L'âge d'or du cinéma hollywoodien à l'Opéra de Bordeaux
À l’affiche du concert, et rappelant la popularité ainsi que la longévité du compositeur Bernard Herrmann, figurent des musiques composées pour Orson Welles (Citizen Kane), Alfred Hitchcock (Psychose et La mort aux trousses), et François Truffaut (Fahrenheit 451, La mariée était en noir) mais aussi The Ghost and Mrs Muir de Mankiewicz, Hangover Square de John Brahm, et Obsession de Brian de Palma.
Il est presque déconcertant de constater à quel point la musique classique du XXe siècle (si souvent considérée comme élitiste et hermétique), se cachait à la vue de tous : sur les écrans de cinéma. Si Bernard Herrmann est peu connu pour sa musique « sérieuse » (son opéra Wuthering Heights/Les Hauts de Hurlevent -à ne pas confondre avec celui de Carlisle Floyd- sera donné en création scénique française, à Nancy en mai prochain), sa musique palpitante pour Hitchcock reste inoubliable : les palpitations de Vertigo comme les stridences dans Psychose au rythme des coups de poignard sous la douche.

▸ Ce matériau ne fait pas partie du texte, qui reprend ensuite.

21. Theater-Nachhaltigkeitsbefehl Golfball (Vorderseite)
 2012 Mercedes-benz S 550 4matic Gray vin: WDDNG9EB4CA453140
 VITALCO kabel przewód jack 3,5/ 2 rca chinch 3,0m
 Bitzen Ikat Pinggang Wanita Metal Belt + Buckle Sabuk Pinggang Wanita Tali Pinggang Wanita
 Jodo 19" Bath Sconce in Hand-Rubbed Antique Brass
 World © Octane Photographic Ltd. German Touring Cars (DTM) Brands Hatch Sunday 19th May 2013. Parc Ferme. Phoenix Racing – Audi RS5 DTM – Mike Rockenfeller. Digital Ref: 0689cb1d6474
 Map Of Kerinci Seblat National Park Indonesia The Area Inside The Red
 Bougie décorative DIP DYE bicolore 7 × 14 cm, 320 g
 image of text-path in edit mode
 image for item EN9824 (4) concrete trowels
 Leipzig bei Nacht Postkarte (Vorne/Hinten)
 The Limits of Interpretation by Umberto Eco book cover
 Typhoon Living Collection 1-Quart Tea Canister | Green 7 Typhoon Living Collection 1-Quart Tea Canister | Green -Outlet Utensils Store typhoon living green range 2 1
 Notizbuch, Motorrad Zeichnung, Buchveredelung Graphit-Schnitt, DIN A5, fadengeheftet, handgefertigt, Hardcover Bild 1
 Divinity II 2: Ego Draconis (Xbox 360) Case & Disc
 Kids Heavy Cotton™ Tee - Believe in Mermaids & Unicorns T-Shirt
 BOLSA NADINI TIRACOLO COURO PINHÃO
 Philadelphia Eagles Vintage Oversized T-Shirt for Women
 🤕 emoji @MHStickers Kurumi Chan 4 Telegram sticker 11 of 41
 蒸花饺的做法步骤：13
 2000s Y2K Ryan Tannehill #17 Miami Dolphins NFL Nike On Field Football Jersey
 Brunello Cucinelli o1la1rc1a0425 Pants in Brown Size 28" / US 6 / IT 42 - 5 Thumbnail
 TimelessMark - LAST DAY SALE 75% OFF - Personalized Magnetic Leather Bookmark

Seulement, même en prêtant une attention toute particulière à la musique du film North by Northwest (La Mort aux Trousses de Hitchcock), au fandango qui scande la terrifiante course de Cary Grant, très peu de cette composition s’entend véritablement dans le contexte du film, estompée, nécessairement reléguée en arrière-plan. Il est d'autant plus enthousiasmant d’entendre ce fandango tempétueux Mount Rushmore à l’Auditorium de Bordeaux. Avec quatre-vingt-sept musiciens, la profondeur des cordes, la puissance tonitruante des quatorze cuivres, les textures surprenantes des percussions (des castagnettes) et deux harpistes — l’orchestre fait découvrir la musique d'Herrmann telle qu’elle est rarement entendue.
La suite pour cordes de Psychose est particulièrement surprenante. Herrmann donne à la musique d’angoisse ses lettres de noblesse, d'abord par une terrifiante mise en conditions : une montée lente en accords presque insupportablement étranges, ponctuée de grondements des basses, des frissons faits d’étranges pizzicati aux violons ou des cordes frottées, des contrebasses tordant leurs notes tenues d’un quart de ton composent un effet pervers.
Une suite pour cordes, harpes et percussions faite pour Fahrenheit 451 creuse justement l’usage de ces instruments et de leurs combinaisons, dans un tout autre registre : les deux harpes avec le célesta et le xylophone explorent un mélange de sonorités anciennes et nouvelles, pour suggérer la nostalgie romantique d'un monde détruit.
La soirée est marquée par l’apparition de la soprano suisse, Ana Maria Labin dans « l’Air de Salammbo » composé pour Citizen Kane (et présenté parmi d'autres dans notre Dossier découverte). Dégageant un sentiment de confiance et de facilité, elle a l'air triomphal et le sourire joyeux, tendrement assurée de ses qualités grâce à l'expansion de sa voix. Comme l’explique la chanteuse après le concert, la tessiture très haute de l’air (jusqu’au contre-ré) est réputée pour être inchantable et embarrasser l'interprète, mais Ana Maria Labin échoue remarquablement à la chanter mal : avec sa voix mozartienne pure et brillante, posée sur une technique très solide, elle déjoue les pièges avec technique, phrasé, délié. Elle n’a pas besoin de placer le formidable contre-ré final en voix de sifflet (technique permettant d'atteindre un suraigu mais sans ancrage) : elle chante à voix pleine le paroxysme final (bien que l’immense orchestre perde alors la notion de ses nuances, excessives en comparaison).
Notable également est l’intervention du pianiste Tanguy de Williencourt, dans le "Concerto macabre" pour piano, extrait de Hangover Square. Sa virtuosité est endiablée mais d'une grande précision et elle déploie beaucoup de passion, investissant même les silences d’une intensité dramatique.
L’Orchestre national Bordeaux Aquitaine semble s’en donner à cœur joie dans ces œuvres pleines de fantaisie, sous la baguette dansante de David Charles Abell. Leur prestation permet à une salle subjuguée de prendre pleinement connaissance d’une musique qui paraissait si familière.